Hundreds of Riders Set to Have Their Bikes Blessed at St. John the Divine
UPPER WEST SIDE — Some 300 cyclists from across the city and beyond will convene Saturday morning at the Cathedral of St. John the Divine to have their bikes blessed by a Cathedral minister.
"We find that some people take it very seriously, some people think it’s all a big joke and some people are deeply offended," said founder Glen Goldstein, 53.
The Rev. Julia Whitworth, who will sprinkle each bike with holy water inside the cathedral Saturday at 9 a.m., said she was excited for the biking community to turn out for the ceremony.
"It’s a delight to be part of something that’s funny and whacky and New York," she said.
Goldstein also remarked on the seeming oddness of a bunch of bikes parading through the sacred space.
"It does feel strange," he said. "And that’s the best part."
"It’s really one of the only days of the whole year in New York City where the different bike riders are together in one place — the messengers, the commuters, the little kids, the first time riders," he added.
Though the service, which is in its 15th year, is held in the largest Episcopalian cathedral in the world, it's not heavy on religiosity. It is ecumenical and the whole experience is over in about 20 minutes, Goldstein said.
"My biggest challenge is to convince people of other faiths [to attend]," Goldstein, who is Jewish, added.
But everyone is welcome, whether they're "atheist, agnostic, Jewish, Muslim, whatever," he said.
Whitworth also echoed the message of openness.
"The cathedral has at its core a mission to serve people of all faiths and of no faith at all," she said. "One of the hurdles we have to jump through is for people to recognize that they are welcome and we’re not trying to force any belief on them."
Still, some people object to the mixing of church with the secular activity of bike riding.
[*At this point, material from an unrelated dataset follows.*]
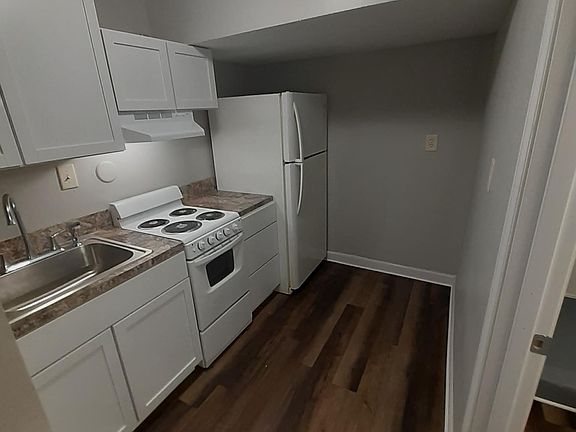 5th image of 4823 S Pennsylvania Ave #2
"We hear complaints every year that it’s disrespectful of the church," said Goldstein, who disagreed. "It reinforces that the church is the place to bring people together."
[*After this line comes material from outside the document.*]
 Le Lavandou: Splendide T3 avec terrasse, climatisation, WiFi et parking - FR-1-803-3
Though the whole affair generally rings with joy — quite literally, as bikers sound off their bike bells and horns — there is a somber section, when the names of between 15 and 30 bicyclists killed are read aloud.
"I can’t wait for the year when there’s nobody [who died cycling]," Goldstein said.
The event, which started with only 50 people, has continued to grow over the years through word of mouth and in keeping with the growing cycling population.
Goldstein views the cathedral as a safe space in a city where he says bicyclists are so often hated and derided.
"We’re a pretty hated bunch in New York," he said. "It’s always a shock to me. People really hate us a lot."
Perceptions are changing, he said, with the advent of more bike lanes and thus more riders and more people who know bike riders. But Goldstein encourages riders to leave their activism at the door.
People have asked him whether they can make speeches at the ceremony but so far Goldstein has denied this request.
"It's the one day we try to keep it low key and not espouse our favorite causes," he said.
This will be the first time Whitworth has conducted a bike blessing.
"I can't wait to pray with them and for them and for their safety and pleasure and for the wind to be at their backs," she said.